Agricultural fields provide a very similar hunting situation to that of pastures and prairies. The rabbits do not often live in the field itself, but do feed in it. Waste grain and green leafy crops are an attractive food source for rabbits. However, they will enjoy the safety of nearby weedy edges, briars, thickets and overgrown fences. Concentrate efforts along the edges of the fields. Pay special attention to the thicker and more overgrown corners and other areas more than the cleaner edges of well-trimmed fields.
Brushy country, particularly dry country, provides what is probably the easiest to hunt of all the habitats; in many cases, the
hunting can be done without beagles. Smaller species of oak trees are interspersed with other vegetation and sometimes agricultural fields or pastures. The rabbits can be found pretty much anywhere there is some form of cover.
Stalking along with a rimfire rifle or pistol is great fun and an efficient way to hunt.
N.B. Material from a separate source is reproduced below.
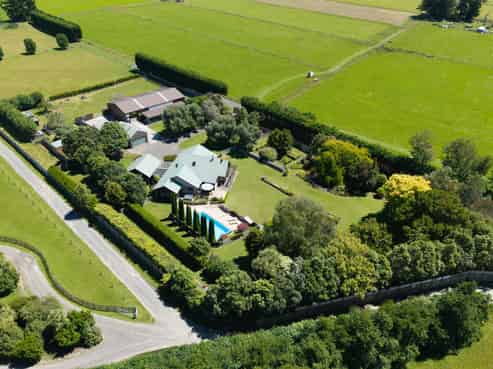 362 Tararua Road, Levin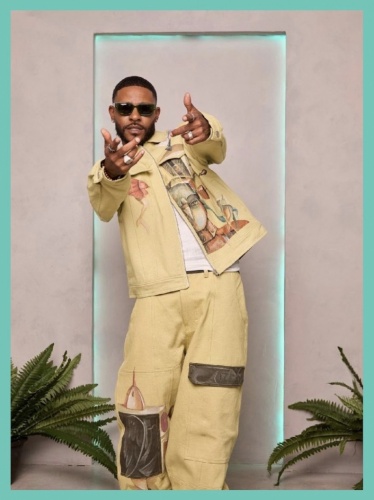 Image: New R&B News Bite from Eric Bellinger & Daecolm!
If there is an active agricultural field in the area, focus efforts along the edges and in corners.
While stalking or still-hunting the brush country, wear camo and move slowly, stopping often enough to allow the rabbits to hop out into view. Most of the rabbits in the brush country will be more active in the morning and evening hours, but during the winter, they will move all day. Rabbits will hop from one patch of greenery to another and then feed. Rarely will they stay in the open between two patches of cover very long.
One thing that still-hunters will find is that once a shot is fired, more rabbits are likely to spook and be seen. Hold tight when shooting and keep vigilant for additional shots.
Rabbit hunting in the Southeast is hands down an outstanding way to spend a day. Keep in mind that no matter the habitat type you are hunting, any place where cover and food sources are found together, rabbits will be found, too. Because rabbits are so plentiful, the season is liberal and some states keep it open year ’round. Rabbits are fine eating and provide very memorable hunting memories for both the young and old, so get out that scattergun or your favorite .22 rifle and head to the nearest rabbit cover this month.